With slower prepayments, the duration of the MBS is longer as well. In Chart 3, the duration of the MBS depends on the slope of the line connecting point A to one of the three other points–whichever reflects the expected prepayment speed. The effect of prepayment assumptions on duration is sizable, even for relatively small interest rate changes. A 50 basis point increase in rates with no change in prepayments (point B) will give this MBS a duration of 3.28, or approximately that of a four-year Treasury. If the same 50 basis point increase in rates is accompanied by a drop in prepayment speed from 15 percent to 5 percent (point D), duration increases to 5.36, roughly that of a seven-year Treasury.

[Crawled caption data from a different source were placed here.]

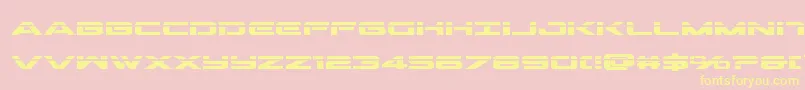 Outriderlaserbold-Schriftart – Gelbe Schriften auf rosa Hintergrund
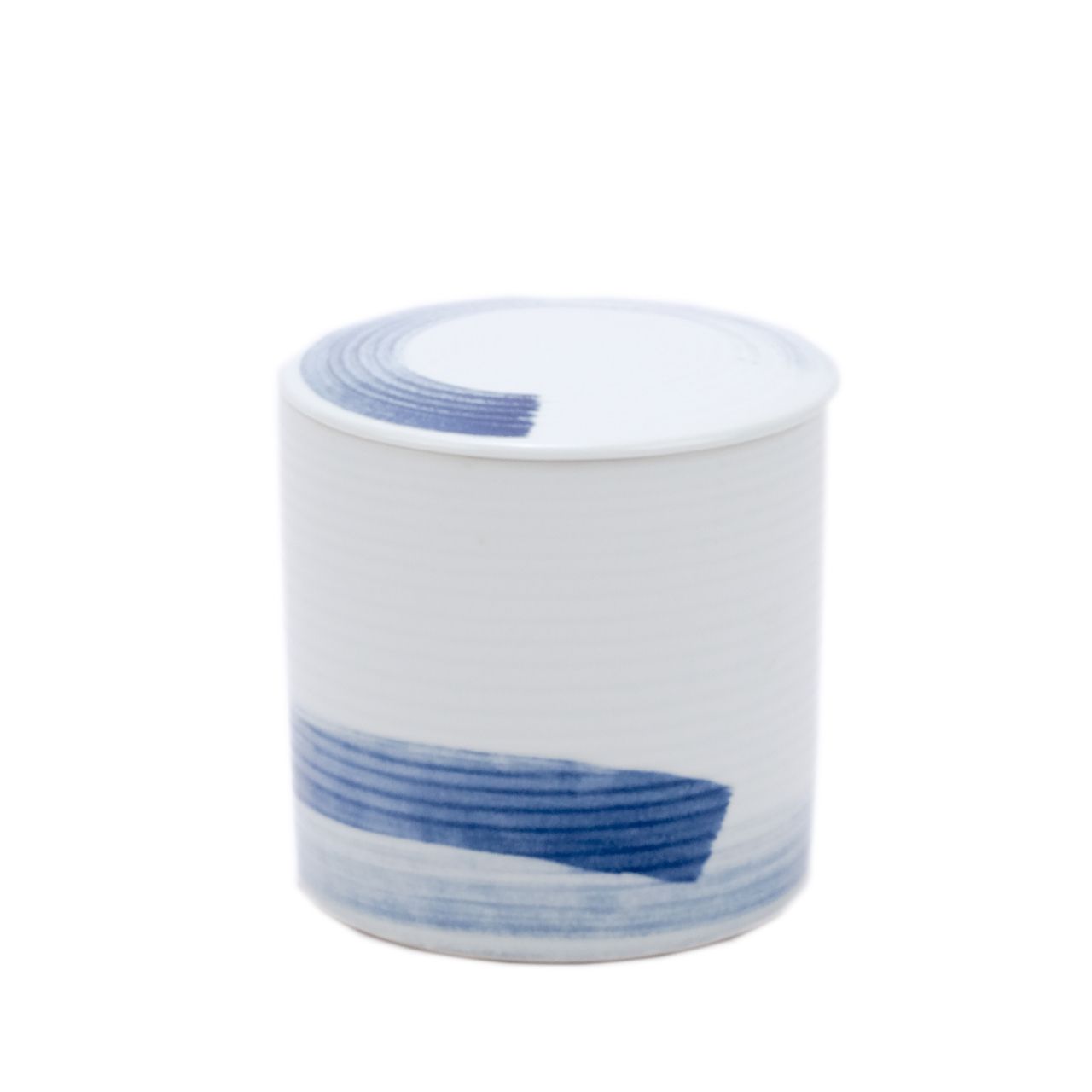 B&W Brushstroke Flat Lid Tea Jar Large By Legends Of Asia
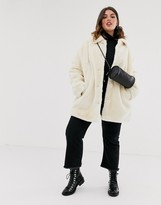 Thumbnail for your product : ASOS DESIGN Curve faux fur button through coat in cream
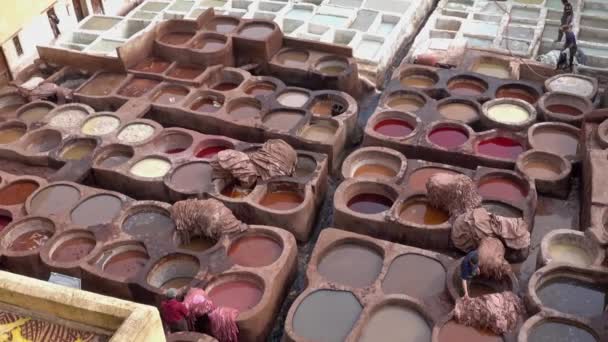 Panorama Tanneries Fes Morocco Africa Old Tanks Color Paint Leather — Stock Video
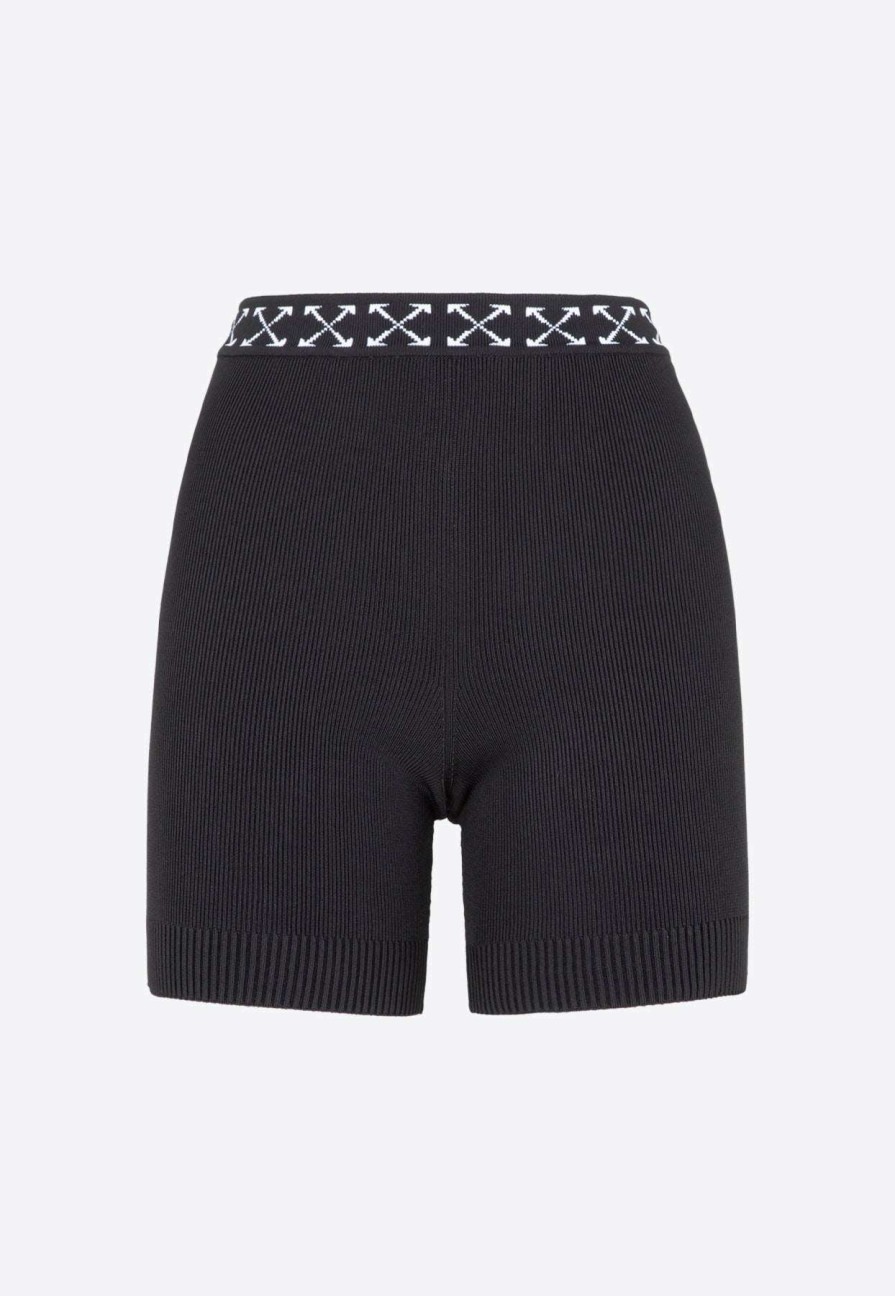 Shorts * | Off-White Arrows Waistband Bold Shorts Black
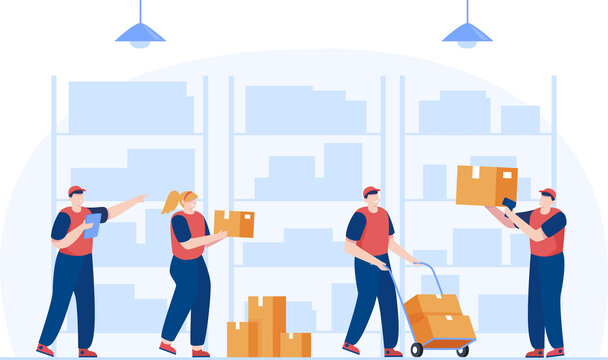 A person working in a warehouse. Employees sort boxes on carts. Vector illustration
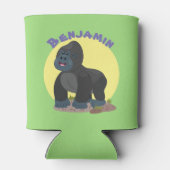 Niedliche, große Gorilla-Cartoon-Abbildung Dosenkühler (Rückseite)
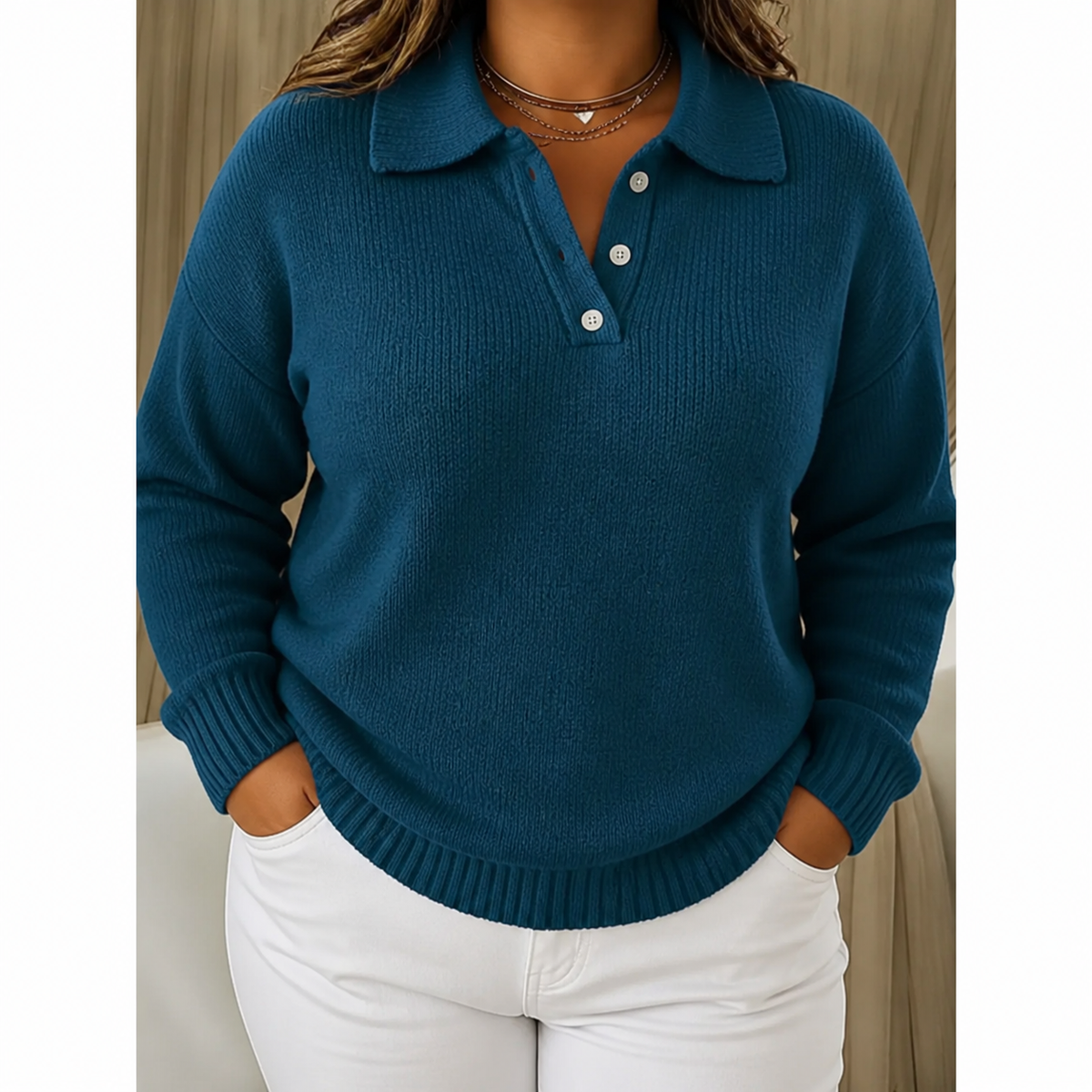 Jersey de punto tipo polo para mujer con botones - Suave y práctico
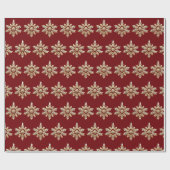 Elegant Merry Christmas Gold Snowflake kerstfeest Cadeaupapier (Vlak)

The table above shows that actual declines in pre-payment speeds and increases in effective duration during early 1994 were indeed quite large–of the same order of magnitude as those in Chart 3. Duration (for a FNMA 7 1/2 percent coupon MBS) was basically unchanged from October to February, remaining at about 3 1/2 years, and then rose sharply after the policy change in February to nearly 5 1/2 years by mid-May. Hedging this particular MBS would call for a short position in four-year Treasuries in February but a short position in seven- to eight-year Treasuries by May. However, because most hedging is done with new-issue Treasuries, in practice such an MBS would be hedged with three- to five-year Treasuries in February and five- to ten-year Treasuries by May. (Issuance of seven-year Treasury debt was discontinued after April 1993, making it a less likely hedging vehicle.

[TABULAR DATA OMITTED]

While this example of a particular MBS illustrates the duration and hedging issues, in practice, market participants hedge entire portfolios of MBSs and CMOs, not individual mortgage securities. Unfortunately, we have no information on the composition of these portfolios, so it is impossible to say exactly how durations and hedges of MBS portfolios may have actually changed in late 1993 and early 1994.(7) Thus we turn to more indirect evidence to try to identify links between the mortgage and Treasury markets.

Empirical Evidence

Some market participants have estimated that from October 1993 to April 1994, aggregate dynamic hedging of mortgage extension risk by dealers, portfolios managers, and other investors resulted in Treasury market sales of more than $300 billion in ten-year Treasury equivalents. Although this figure is impossible to verify, we can provide some circumstantial evidence that mortgage security hedging using Treasuries had a significant, although probably not dominant, effect on the Treasury yield movements in late 1993 and early 1994.

Because mortgages are usually hedged with Treasuries up to ten years in maturity, but not with thirty-year Treasuries, the flattening of the Treasury curve between ten and thirty years seen in Chart 1 provides some evidence supporting a link between MBS hedging and the Treasury yield curve. In particular, the spread between the ten- and thirty-year securities fell from nearly 60 basis points in early February 1994 to less than 20 basis points by early May, a flattening that is very hard to explain by expectations of higher inflation or higher short-term rates over the next year or two. Such a flattening of the long end of the yield curve would result, however, if relatively more ten-year securities were being sold to hedge mortgage securities.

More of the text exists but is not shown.